| WHAT IS EXPECTED |
Only lines containing the string "Residential" belong in the answer; find them in the records and copy them.

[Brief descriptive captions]
---*---

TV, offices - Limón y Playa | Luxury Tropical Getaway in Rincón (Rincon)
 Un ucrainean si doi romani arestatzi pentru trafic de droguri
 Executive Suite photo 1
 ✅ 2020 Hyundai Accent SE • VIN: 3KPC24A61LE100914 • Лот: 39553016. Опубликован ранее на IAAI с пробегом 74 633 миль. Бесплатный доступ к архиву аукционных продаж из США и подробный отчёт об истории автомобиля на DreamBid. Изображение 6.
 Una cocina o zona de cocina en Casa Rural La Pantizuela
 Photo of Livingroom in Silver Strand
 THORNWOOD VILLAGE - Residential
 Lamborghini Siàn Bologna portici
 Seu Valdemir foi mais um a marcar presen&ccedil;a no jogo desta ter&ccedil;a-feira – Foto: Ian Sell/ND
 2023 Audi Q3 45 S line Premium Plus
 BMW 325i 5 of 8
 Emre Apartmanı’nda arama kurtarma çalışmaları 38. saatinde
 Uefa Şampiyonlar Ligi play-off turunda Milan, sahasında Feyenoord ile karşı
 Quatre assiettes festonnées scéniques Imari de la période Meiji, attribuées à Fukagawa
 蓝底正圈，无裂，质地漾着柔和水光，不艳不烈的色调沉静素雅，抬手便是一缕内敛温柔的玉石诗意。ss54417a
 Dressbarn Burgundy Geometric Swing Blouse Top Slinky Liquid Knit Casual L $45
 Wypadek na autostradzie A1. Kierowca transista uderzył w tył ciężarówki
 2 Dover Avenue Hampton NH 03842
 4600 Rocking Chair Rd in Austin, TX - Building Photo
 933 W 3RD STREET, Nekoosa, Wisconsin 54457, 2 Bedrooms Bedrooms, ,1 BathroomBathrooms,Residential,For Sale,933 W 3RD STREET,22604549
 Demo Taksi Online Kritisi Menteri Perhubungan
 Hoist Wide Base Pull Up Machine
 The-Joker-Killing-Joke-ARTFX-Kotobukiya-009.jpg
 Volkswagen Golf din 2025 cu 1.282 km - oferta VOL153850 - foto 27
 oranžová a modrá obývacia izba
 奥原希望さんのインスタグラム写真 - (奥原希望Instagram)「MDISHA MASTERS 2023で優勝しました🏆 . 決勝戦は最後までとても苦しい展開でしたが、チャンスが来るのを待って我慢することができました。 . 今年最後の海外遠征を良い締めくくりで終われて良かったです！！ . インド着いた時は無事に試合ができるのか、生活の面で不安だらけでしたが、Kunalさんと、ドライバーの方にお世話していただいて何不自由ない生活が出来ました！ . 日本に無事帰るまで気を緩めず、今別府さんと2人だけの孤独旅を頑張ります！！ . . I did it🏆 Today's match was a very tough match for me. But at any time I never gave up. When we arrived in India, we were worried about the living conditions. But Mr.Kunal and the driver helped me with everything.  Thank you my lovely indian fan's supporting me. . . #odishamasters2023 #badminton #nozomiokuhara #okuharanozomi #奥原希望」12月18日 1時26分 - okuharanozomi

---*---

| EXERCISE SOLUTION |
 THORNWOOD VILLAGE - Residential
 933 W 3RD STREET, Nekoosa, Wisconsin 54457, 2 Bedrooms Bedrooms, ,1 BathroomBathrooms,Residential,For Sale,933 W 3RD STREET,22604549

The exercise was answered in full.